Let's, then, apply their own evaluation criteria to a single House bill recently proposed to address raising the debt-ceiling: The Cut, Cap and Balance Act of 2011 (H.Res. 2560).

Critereon 1:  Limitation on Long-Term Spending. 

This rule prohibits the consideration of any measure which increases mandatory spending above $5B for any 10 year window within a 40 year period.

Even at a historically low interest rate of only 2% this rule would prohibit the House from considering any bill that increases the national debt by more than $250B over 10 years.  H.Res. 2560 proposed raising the debt ceiling from $14.3 trillion to $16.7 trillion ($2.4 trillion).

In accordance with its own rules, H.Res. 2560 should never have seen the light of day, but they broke their rules and considered it anyway.

Critereon 2: The Cut-Go Rule- Part A

This rule states that any legislation increasing mandatory spending over one, five, or ten years must cut spending by an equal or greater amount elsewhere.  Any reasonable person would accept as truth that allowing the debt to increase by $2.4 trillion would force the US into additional mandatory spending to pay the interest on that debt. 

Offsetting spending cuts were promised, but H.Res. 2560 delivers none.

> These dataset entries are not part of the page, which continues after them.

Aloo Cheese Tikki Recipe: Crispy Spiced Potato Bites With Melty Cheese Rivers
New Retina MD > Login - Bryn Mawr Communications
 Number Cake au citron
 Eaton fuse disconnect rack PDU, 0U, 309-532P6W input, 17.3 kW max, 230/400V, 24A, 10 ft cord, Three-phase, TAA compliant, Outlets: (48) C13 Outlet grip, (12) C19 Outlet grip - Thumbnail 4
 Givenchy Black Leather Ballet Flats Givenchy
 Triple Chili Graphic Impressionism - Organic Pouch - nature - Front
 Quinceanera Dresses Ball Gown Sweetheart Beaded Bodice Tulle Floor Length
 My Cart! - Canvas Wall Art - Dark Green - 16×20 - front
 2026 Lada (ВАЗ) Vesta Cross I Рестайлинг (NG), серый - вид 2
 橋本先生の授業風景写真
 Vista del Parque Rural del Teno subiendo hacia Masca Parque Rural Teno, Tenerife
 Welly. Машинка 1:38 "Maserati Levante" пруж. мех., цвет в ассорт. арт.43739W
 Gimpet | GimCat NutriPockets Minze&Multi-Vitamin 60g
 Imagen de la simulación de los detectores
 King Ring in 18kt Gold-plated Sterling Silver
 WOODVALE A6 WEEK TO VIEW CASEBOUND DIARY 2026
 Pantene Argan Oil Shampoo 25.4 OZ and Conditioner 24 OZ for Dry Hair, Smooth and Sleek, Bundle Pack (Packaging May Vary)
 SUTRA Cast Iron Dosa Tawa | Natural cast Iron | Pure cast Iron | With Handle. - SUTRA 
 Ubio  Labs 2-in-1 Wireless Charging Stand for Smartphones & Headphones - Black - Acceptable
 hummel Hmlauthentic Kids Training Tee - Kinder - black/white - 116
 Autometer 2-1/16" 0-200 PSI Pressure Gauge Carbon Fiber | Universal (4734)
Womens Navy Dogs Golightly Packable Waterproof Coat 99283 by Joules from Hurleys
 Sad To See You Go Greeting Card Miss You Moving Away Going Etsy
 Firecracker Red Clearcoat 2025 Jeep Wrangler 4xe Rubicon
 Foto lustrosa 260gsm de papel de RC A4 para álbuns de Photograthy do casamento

Critereon 3: Three-Day Availability for Unreported Bill 

House rules require that a bill must be available to Members for three calendar days before it is considered in the House (voted on).  H.Res. 2560 was approved by the Rules Committee at 7:58PM July 18th. It was voted on and passed by the House at 2:38PM July 19th.   Total elapsed time available:  18 hours and 40 minutes.

Flouting the Rules

The methods used by the House to flout its own rules should help in predicting its future behavior.  First, to navigate around the obvious truth that increased payments on the debt require mandatory future payments (as does Social Security, Medicare, etc.) they simply exempted interest payments from the definition of 'direct spending' within the bill.  With a few keystrokes they redefined the true meaning of 'spending'.  Very Clintonesque.  As for the rule requiring time to evaluate the bill before voting on it (think ObamaCare)?  The Rules Committee 'waived all points of order' against consideration of the bill.  In English, they decided to intentionally disregard their own rules.

Is there any doubt that any future bills introduced by Mr. Boehner, Mr. Reid or anyone else will suffer similar fates? 

The fact that this Congress is so careless in maintaining fidelity to its own standards speaks volumes.  I believe Albert Einstein would not trust this crew to keep their future spending cut promises.  Do you?